I was rather surprised to see that it had been over a month since I had last posted. I could say I’m like ‘Mr. Ed,’ in that I do never speak (post), unless I have something to say. That’s partially true but I have in fact simply had my nose to the grindstone trying to get two books ready for publishing. One is still in the midst of editing, and one is in final proofreading. It’s because of that latter one that I’ve raised my head to share something I’ve discovered that potentially makes proofreading easier.
These are not my ideas. I learned one on the Kindle forum and have been using it with what I hope is great success, and the second, which I learned from a KDP writers’ Facebook page, I haven’t tried in depth yet.
The first method:
Did you know you can email documents to your Kindle? A woman on the KDP forums who signs her posts as ‘Hils’ shared that bit of knowledge.
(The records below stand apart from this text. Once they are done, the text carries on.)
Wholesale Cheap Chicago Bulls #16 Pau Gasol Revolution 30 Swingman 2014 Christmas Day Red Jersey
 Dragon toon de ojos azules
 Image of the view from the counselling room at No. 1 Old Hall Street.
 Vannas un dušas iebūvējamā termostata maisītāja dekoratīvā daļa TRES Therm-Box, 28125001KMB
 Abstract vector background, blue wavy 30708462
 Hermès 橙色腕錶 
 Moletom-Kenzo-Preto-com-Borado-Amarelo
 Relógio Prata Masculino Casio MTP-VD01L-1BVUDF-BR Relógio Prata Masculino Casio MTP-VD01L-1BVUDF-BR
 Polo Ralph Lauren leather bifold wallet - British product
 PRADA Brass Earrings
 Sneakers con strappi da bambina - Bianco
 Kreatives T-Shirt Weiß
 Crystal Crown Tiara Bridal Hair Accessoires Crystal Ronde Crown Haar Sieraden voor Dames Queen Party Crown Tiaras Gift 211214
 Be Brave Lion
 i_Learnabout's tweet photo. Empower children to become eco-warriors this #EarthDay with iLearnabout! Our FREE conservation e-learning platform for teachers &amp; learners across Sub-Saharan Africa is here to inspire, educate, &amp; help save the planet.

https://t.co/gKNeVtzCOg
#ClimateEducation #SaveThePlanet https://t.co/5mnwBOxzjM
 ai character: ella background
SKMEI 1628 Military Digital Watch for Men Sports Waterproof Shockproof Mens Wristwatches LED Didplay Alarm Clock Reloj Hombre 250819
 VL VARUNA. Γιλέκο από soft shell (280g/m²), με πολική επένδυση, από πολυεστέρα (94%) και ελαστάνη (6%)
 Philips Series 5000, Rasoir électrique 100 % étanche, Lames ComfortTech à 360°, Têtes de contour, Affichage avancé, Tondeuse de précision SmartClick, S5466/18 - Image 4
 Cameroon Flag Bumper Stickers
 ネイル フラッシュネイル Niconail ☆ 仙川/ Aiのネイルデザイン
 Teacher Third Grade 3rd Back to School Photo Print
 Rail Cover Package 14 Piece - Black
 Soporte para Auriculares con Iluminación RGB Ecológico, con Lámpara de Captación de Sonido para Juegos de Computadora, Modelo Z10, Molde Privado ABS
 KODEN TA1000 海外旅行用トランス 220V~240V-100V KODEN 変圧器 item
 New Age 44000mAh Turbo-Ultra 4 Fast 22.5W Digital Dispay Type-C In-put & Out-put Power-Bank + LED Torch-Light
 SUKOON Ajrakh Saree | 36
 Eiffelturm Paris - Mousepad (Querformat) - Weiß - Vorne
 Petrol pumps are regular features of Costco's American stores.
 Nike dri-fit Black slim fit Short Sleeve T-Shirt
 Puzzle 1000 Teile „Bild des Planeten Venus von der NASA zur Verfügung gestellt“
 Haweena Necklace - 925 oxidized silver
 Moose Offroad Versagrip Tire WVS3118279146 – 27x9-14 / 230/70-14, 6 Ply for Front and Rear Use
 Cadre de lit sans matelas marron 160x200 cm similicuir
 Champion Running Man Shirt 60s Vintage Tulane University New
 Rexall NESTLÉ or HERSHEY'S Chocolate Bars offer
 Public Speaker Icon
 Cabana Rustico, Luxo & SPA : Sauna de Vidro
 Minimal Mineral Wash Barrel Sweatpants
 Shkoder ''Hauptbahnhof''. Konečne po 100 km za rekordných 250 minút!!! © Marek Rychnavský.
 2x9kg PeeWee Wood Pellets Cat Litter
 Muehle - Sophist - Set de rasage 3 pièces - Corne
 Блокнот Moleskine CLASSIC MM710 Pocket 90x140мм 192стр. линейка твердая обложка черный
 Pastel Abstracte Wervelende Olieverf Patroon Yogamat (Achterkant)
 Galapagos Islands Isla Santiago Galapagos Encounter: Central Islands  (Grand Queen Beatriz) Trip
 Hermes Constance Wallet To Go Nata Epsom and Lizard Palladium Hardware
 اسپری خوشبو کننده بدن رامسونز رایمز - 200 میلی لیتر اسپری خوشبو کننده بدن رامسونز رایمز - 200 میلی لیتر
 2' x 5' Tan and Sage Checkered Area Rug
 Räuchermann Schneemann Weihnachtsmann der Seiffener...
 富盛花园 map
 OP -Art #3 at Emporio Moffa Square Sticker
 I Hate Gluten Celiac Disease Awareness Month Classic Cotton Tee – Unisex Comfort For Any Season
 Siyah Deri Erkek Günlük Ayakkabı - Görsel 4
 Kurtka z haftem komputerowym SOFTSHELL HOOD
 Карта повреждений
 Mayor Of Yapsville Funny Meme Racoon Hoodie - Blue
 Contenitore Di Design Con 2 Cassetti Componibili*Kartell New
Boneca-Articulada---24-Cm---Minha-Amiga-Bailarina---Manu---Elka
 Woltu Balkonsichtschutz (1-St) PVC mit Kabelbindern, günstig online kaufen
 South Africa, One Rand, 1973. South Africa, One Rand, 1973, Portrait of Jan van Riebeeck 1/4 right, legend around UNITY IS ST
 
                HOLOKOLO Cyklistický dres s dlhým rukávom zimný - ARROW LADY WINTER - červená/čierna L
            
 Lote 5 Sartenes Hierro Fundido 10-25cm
I don’t know if it works for all Kindles, but I do know that it works for Paperwhites, as that is what I have. You can get your Kindle email address from your Amazon account online under Manage My Devices, or find it on your Paperwhite by going to Settings, Device Options, Personalize Your Kindle, and under that section there is a sub-section called: Send to Kindle email, which gives your Kindle e-mail address. You can send your manuscript to yourself as a doc file attached to an email and the powers that be at Amazon convert it to a mobi file which then downloads on your Kindle the same as any book you would download. (There was perhaps a 5-to-10-minute wait between sending the email and having it download to my Kindle, so it’s not like uploading a book for publishing and having to wait up to 12 hours – or more – before it’s available.)
The big advantage I have found in using this method for the final proofreading/s is that the smaller screen seems to make it easier to catch mistakes, at least for me. And because it’s been converted to a mobi file, you can also see if there are any formatting errors that make the text look wonky. ‘Hils’ had mentioned making notes on her Kindle for anything she wanted to change, but I went old-school and used a notebook to jot down my changes and then when back to Word and used ‘find’ or ‘find and replace’ to make the corrections.
The second method:
Did you know Word can talk? I didn’t make a note of who revealed this on Facebook so I can’t give credit where credit is due, but there is a text-to-speech feature on Word. I’ve found it’s available on Word 2010 and 2013. I also have a computer which has Word 2003, and that version does have speech but not the text-to-speech feature (and typical of the way things go, the voice on the 2003 version is much more pleasant-sounding than the voices on the later versions). It’s very easy to activate (if I can do it, probably a chimp could do it with their eyes closed), but rather than me trying ineptly to explain how to do it, I’ll direct you to this YouTube video which is far more succinct. http://www.youtube.com/watch?v=ips3k6UdY7Q (If for some reason that link doesn’t work, just Google Word Text-to-Speech for both written and video links.)
I have no idea how many hours it might take to listen to a book this way. (I listen to a lot of books on CD while I drive, and they usually average 10 hours or more). I’ve only tried this out on short segments, which you have to highlight to have read by the computer. I’ve found there doesn’t seem to be a pause button; if you stop the computer narration to make a correction, you have to re-highlight to continue. It does seem like it would be a wonderful way to find those letter inversions that create a real word so that spellcheck doesn’t catch them, and that the eye tends to skim over (like form for from, or tired for tried).
So there you have it, two tools that may help you with your proofreading.